**Available data:**
::::::

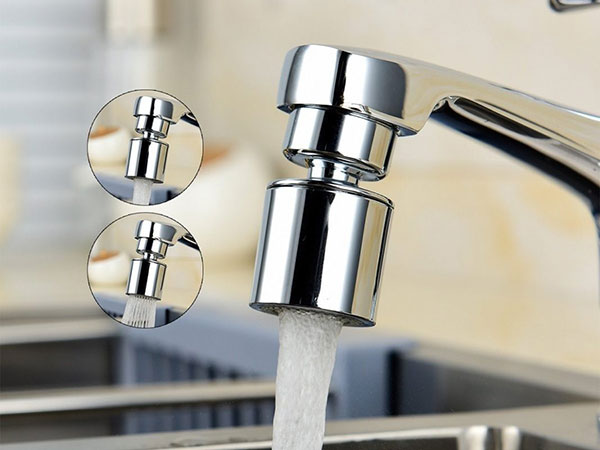 Cách tháo đầu vòi nước rửa bát 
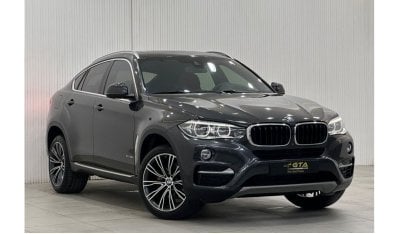 BMW X6 2019 BMW X6 xDrive35i Exclusive, Warranty, Full BMW Service History, Fully Loaded, GCC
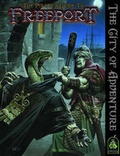Cover: The Pirate's Guide to Freeport: A City Setting for Fantasy Roleplaying - Green Ronin Publishing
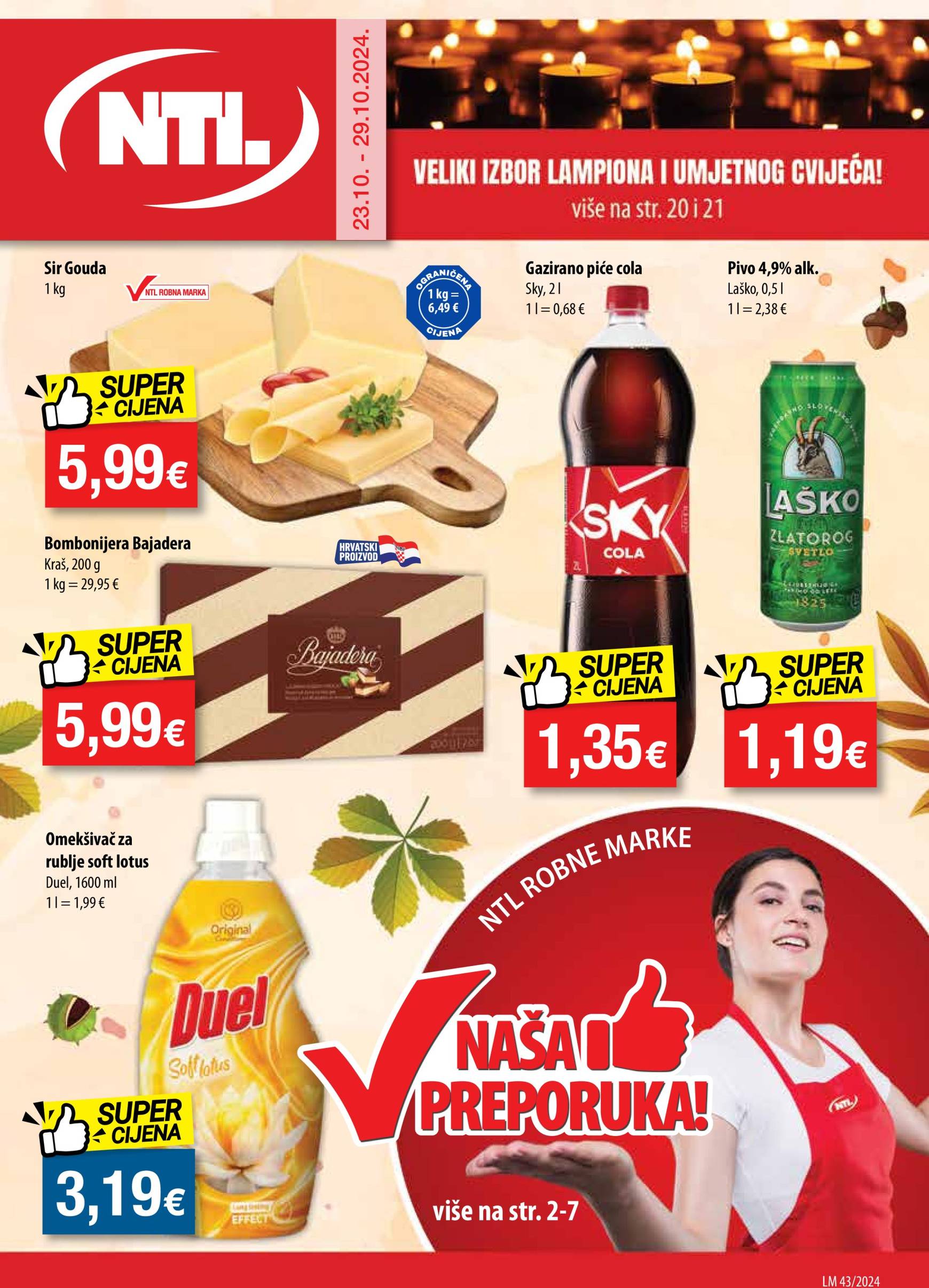 NTL - Sjever katalog vrijedi od 23.10. do 29.10.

::::::

**Requirement:** When you restate the listing above, give each line word for word but leave out every image.

**Answer to this exercise:**
 Cách tháo đầu vòi nước rửa bát 
 BMW X6 2019 BMW X6 xDrive35i Exclusive, Warranty, Full BMW Service History, Fully Loaded, GCC
Cover: The Pirate's Guide to Freeport: A City Setting for Fantasy Roleplaying - Green Ronin Publishing
 NTL - Sjever katalog vrijedi od 23.10. do 29.10.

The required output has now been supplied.